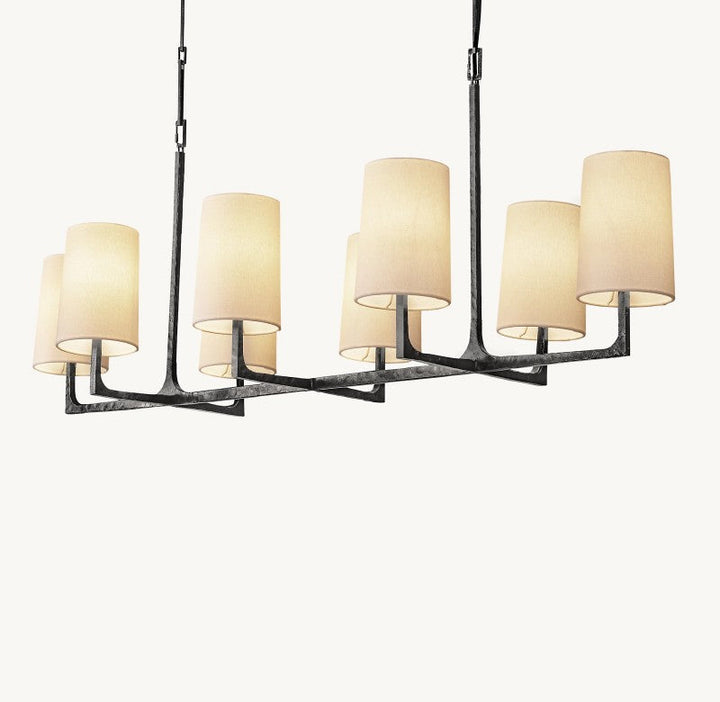 Wright Linear Chandelier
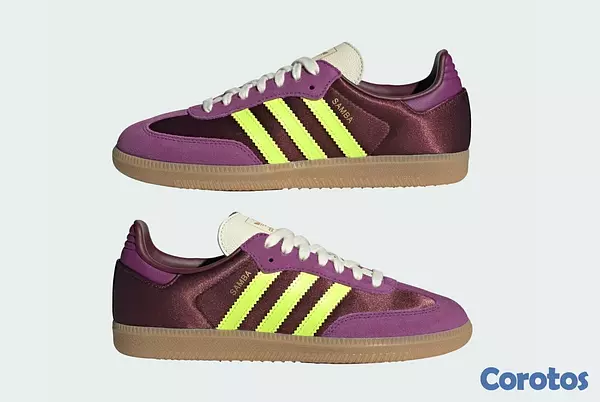 zapatos para mujer - Adidas Samba OG – Talla 8.5 (25 cm) 3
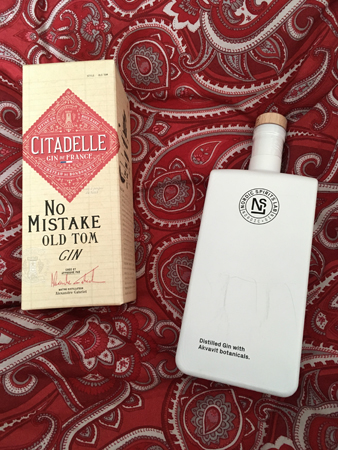 Old Tom Gin och Nordic Spirits Lab Gin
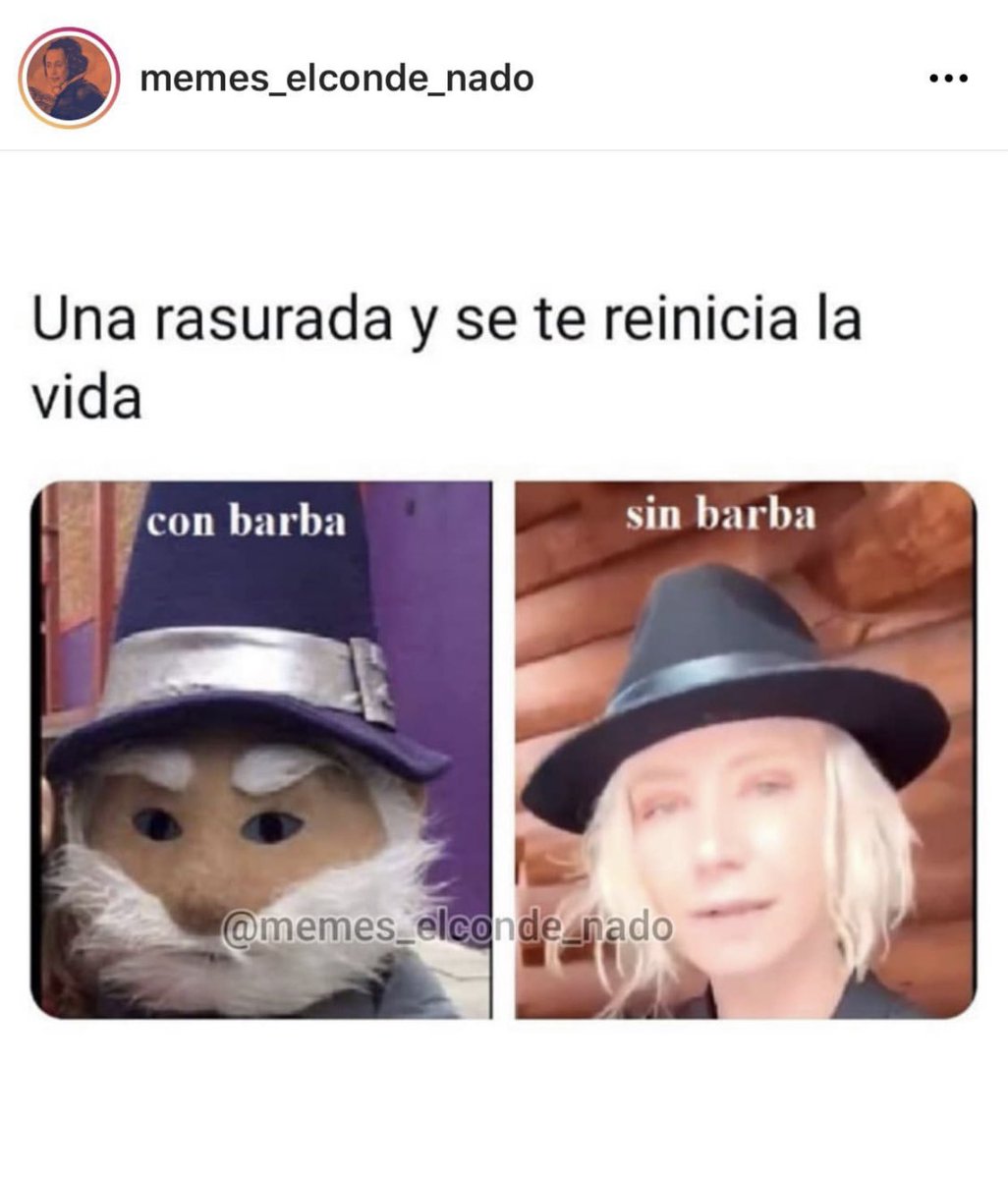 Consejo del día: Rasúrense 🤣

TASK REQUIREMENTS :: Return the listing above in an exact copy that leaves out the images.

SOLVED PROBLEM ::
 Wright Linear Chandelier
 zapatos para mujer - Adidas Samba OG – Talla 8.5 (25 cm) 3
 Old Tom Gin och Nordic Spirits Lab Gin
 Consejo del día: Rasúrense 🤣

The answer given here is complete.